Colin Povey, chief executive of Edgbaston, said: “We’ve been working with Cure Leukaemia on a number of initiatives since 2005 and have seen it experience phenomenal growth. It’s now one of the best known charities in the Midlands with the potential to extend its lifesaving work further afield.

“The fact that the charity invests every pound that it raises directly into funding research nurses that administer its lifesaving treatments make it a great local cause that we want to continue supporting.

“Raising £75,000 through the Test between England and India last summer was a great achievement, and we are delighted to be able to extend our partnership through to at least 2016.”

Cure Leukaemia chairman Ian Allen added: “This partnership and the generosity of Edgbaston will make a monumental impact on our work in the future. With the combined support of England and West Indies fans on June 7, we can take a giant stride towards curing leukaemia.”

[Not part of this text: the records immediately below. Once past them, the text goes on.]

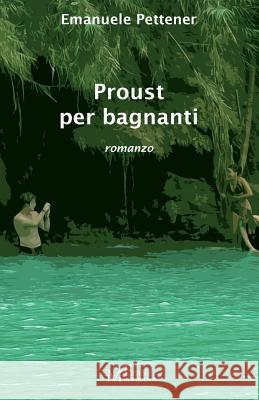 Proust per bagnanti: romanzo Pettener, Emanuele 9788868150198 Meligrana Editore - książka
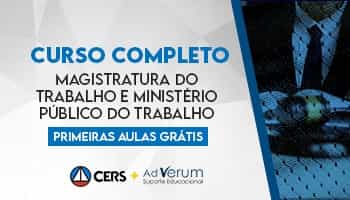CURSO PARA A MAGISTRATURA DO TRABALHO E O MINISTÉRIO PÚBLICO DO TRABALHO (MPT) - PRIMEIRAS AULAS GRÁTIS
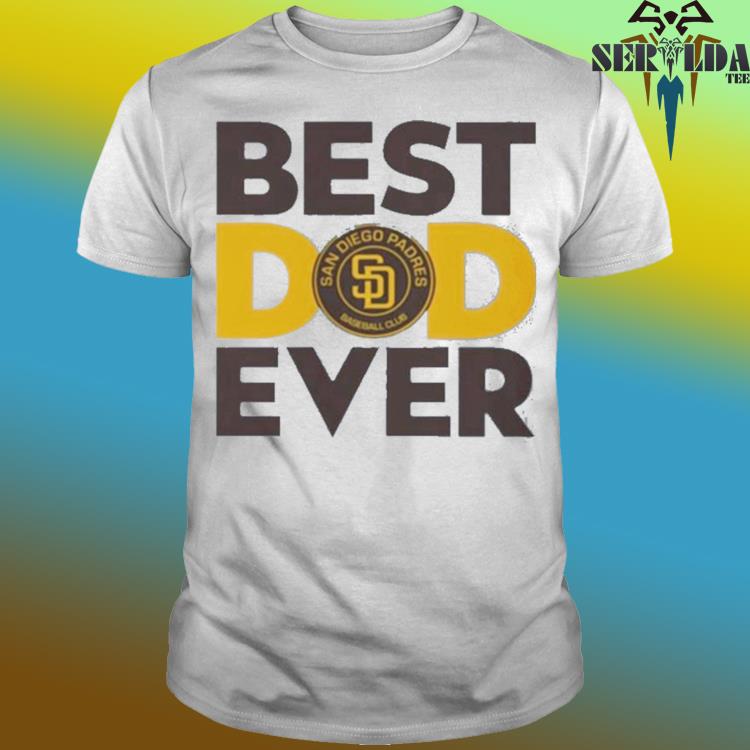 Best Dad Ever Mlb San Diego Padres Logo 2023 Shirt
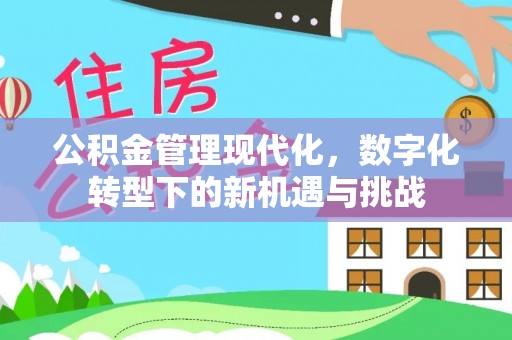 平远公积金管理现代化，数字化转型下的新机遇与挑战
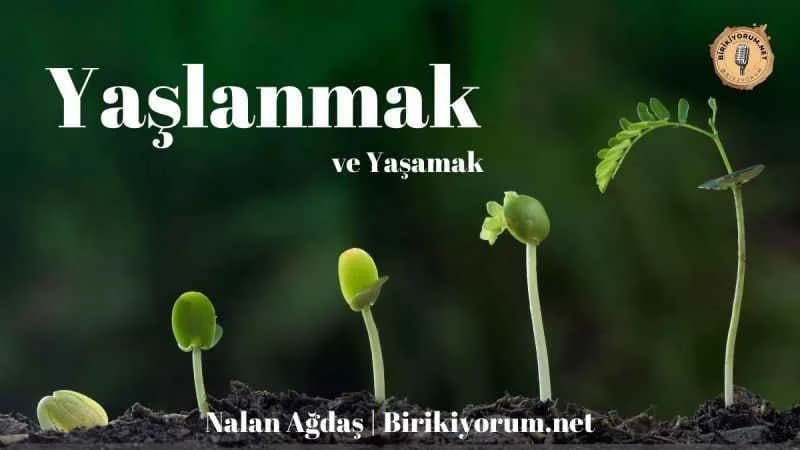 Yaşlanmak ve Yaşamak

The money raised by BBC WM’s Red Alert Appeal will help pay for nurses to carry out lifesaving clinical trials for blood cancer patients with drugs not readily available on the NHS.

To date, Cure Leukaemia has treated more than 400 patients through securing £15m worth of revolutionary drugs, and funding crucial research nurses to administer these trials.

The charity is based at the Centre for Clinical Haematology at Birmingham’s Queen Elizabeth Hospital. It also supports activities in hospitals across the region, including Coventry, Wolverhampton, Stoke-on-Trent, Dudley, Worcester, Stafford, Heartlands and Sandwell.